ABOUT THIS TASK: Reproduce, word for word, every line starting at the line that contains "na sprzedaż, Cianowice" and ending with the final line of the entries.

┌──

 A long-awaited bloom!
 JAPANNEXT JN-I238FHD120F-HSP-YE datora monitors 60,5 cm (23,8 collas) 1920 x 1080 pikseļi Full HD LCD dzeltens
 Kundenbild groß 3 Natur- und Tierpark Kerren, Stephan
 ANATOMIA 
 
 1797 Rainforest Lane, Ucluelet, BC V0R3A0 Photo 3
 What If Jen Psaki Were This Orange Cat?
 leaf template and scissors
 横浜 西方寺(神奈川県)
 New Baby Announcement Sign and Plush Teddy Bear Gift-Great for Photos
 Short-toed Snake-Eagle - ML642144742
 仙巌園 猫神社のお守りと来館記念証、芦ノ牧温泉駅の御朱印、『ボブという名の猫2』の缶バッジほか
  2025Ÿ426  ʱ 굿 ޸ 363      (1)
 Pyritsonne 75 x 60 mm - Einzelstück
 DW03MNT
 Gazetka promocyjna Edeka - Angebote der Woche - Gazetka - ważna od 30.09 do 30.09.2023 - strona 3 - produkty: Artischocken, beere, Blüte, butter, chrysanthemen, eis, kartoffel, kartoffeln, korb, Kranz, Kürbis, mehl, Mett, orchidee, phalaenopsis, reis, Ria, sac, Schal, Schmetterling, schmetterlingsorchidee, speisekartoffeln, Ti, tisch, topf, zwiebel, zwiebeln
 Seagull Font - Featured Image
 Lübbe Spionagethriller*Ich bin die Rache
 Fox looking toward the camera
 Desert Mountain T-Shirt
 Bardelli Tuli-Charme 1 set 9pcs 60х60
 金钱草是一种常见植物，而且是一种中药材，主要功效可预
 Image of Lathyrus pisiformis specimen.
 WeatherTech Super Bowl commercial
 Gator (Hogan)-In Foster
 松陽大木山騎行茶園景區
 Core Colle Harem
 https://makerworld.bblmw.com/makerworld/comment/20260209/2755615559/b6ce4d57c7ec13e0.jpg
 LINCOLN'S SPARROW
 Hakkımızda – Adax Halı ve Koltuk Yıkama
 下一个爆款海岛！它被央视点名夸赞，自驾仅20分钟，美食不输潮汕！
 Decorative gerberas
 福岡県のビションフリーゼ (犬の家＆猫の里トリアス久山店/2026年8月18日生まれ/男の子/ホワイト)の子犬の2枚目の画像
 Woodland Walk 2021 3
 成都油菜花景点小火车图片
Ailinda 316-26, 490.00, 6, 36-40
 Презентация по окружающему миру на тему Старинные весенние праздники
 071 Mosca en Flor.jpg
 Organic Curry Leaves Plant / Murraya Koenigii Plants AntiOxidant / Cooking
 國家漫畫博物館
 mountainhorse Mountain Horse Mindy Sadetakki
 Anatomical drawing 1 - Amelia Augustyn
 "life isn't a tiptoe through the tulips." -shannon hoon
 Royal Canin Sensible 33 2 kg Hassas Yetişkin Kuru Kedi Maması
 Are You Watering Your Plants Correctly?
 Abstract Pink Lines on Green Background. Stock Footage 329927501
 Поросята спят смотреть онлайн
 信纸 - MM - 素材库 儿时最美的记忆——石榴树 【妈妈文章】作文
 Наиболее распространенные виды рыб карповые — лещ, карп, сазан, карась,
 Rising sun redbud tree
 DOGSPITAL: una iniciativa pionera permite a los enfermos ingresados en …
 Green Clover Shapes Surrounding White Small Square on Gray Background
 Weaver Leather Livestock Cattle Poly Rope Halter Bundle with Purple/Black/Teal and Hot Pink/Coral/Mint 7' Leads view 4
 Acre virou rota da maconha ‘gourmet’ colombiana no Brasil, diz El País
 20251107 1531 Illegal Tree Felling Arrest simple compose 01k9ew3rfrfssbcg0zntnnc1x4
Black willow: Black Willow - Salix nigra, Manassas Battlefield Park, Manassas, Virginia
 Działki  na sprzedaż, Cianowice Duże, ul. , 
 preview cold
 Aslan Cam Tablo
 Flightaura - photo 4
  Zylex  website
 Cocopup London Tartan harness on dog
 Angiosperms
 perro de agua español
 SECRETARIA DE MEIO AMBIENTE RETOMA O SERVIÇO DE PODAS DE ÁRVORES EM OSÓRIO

└──

ANSWER SPACE:
 Działki  na sprzedaż, Cianowice Duże, ul. , 
 preview cold
 Aslan Cam Tablo
 Flightaura - photo 4
  Zylex  website
 Cocopup London Tartan harness on dog
 Angiosperms
 perro de agua español
 SECRETARIA DE MEIO AMBIENTE RETOMA O SERVIÇO DE PODAS DE ÁRVORES EM OSÓRIO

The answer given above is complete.